*Problem description*
Once the line holding "金沢カツカレー食べたくなってゴーゴーカレー" is found in the entries below, transcribe exactly every line up to and including the one holding "Getting Started with", but leave out the pictures.

*Dataset entries*
------------------------------------------------------------------------

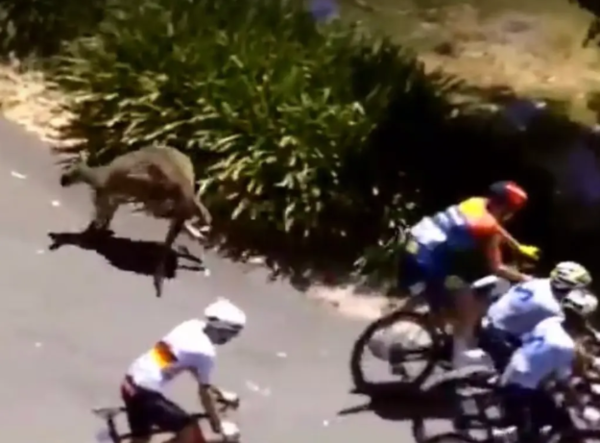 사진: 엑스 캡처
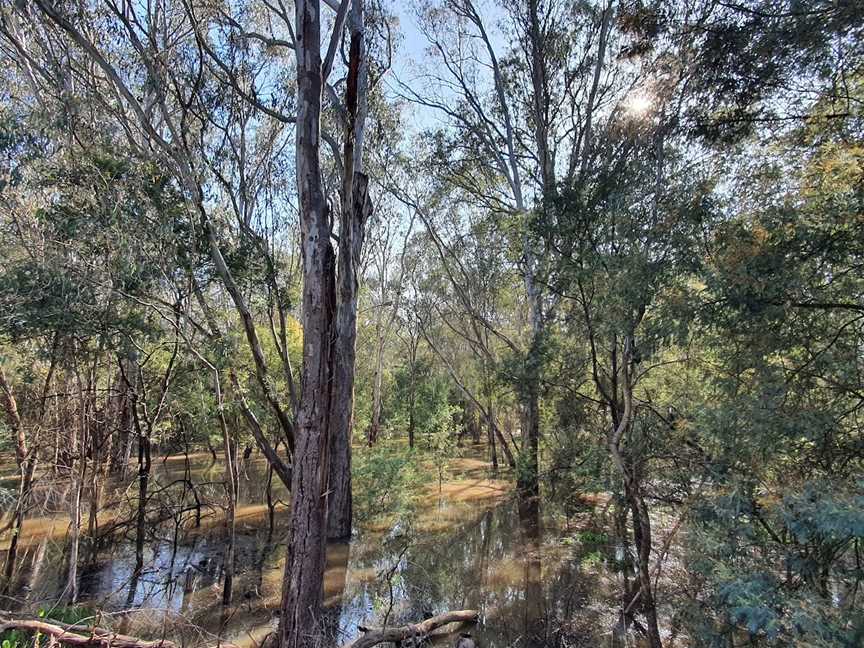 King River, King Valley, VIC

------------------------------------------------------------------------

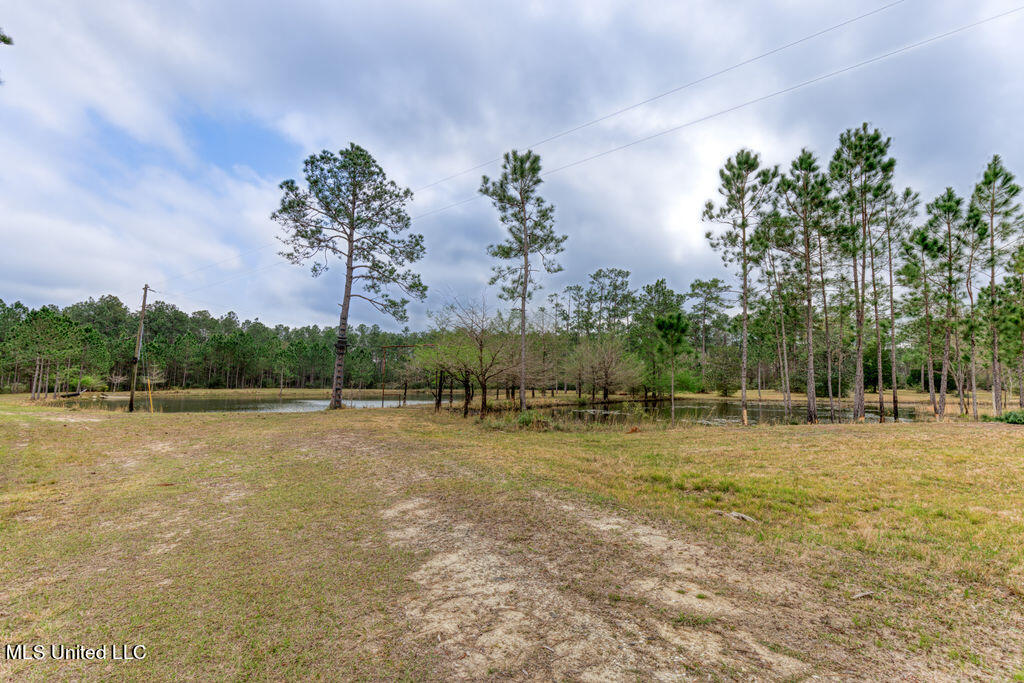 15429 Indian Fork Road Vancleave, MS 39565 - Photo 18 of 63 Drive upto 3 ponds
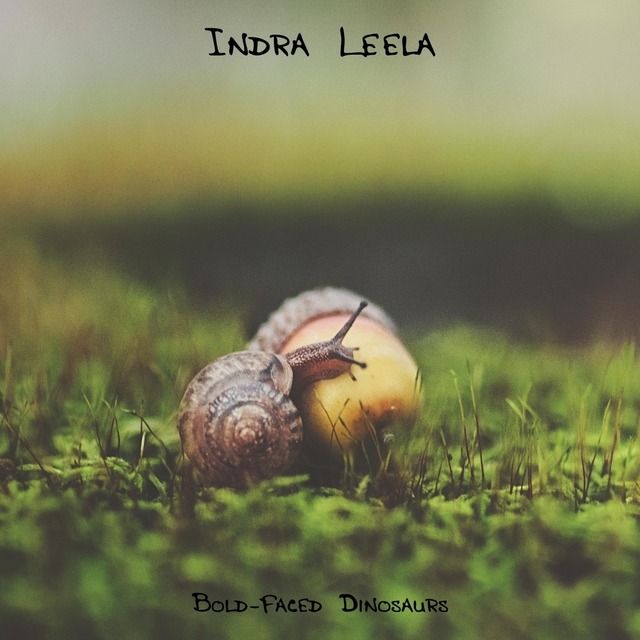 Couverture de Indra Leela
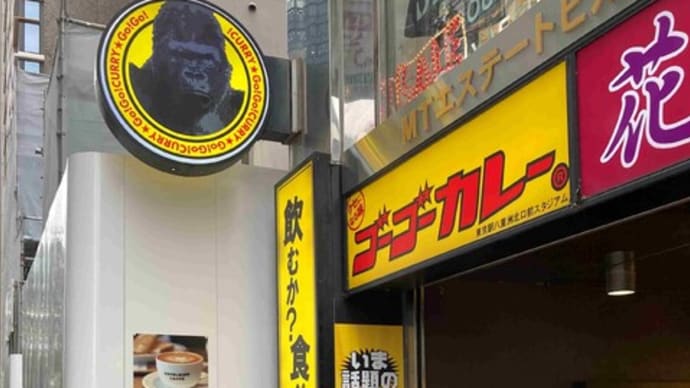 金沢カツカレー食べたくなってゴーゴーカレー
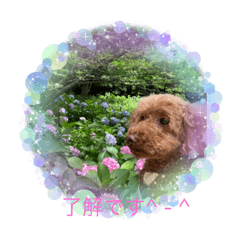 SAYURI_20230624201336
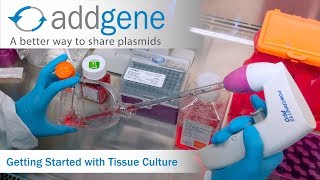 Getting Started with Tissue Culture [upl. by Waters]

------------------------------------------------------------------------

*Completed exercise*
 金沢カツカレー食べたくなってゴーゴーカレー
 SAYURI_20230624201336
 Getting Started with Tissue Culture [upl. by Waters]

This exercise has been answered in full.